#### [GIVEN INFORMATION]
══════════════════════════════
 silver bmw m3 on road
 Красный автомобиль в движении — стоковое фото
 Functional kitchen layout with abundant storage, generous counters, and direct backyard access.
══════════════════════════════
#### [REQUIREMENT]
Copy all of the data exactly. Skip nothing.

#### [SOLUTION]
 silver bmw m3 on road
 Красный автомобиль в движении — стоковое фото
 Functional kitchen layout with abundant storage, generous counters, and direct backyard access.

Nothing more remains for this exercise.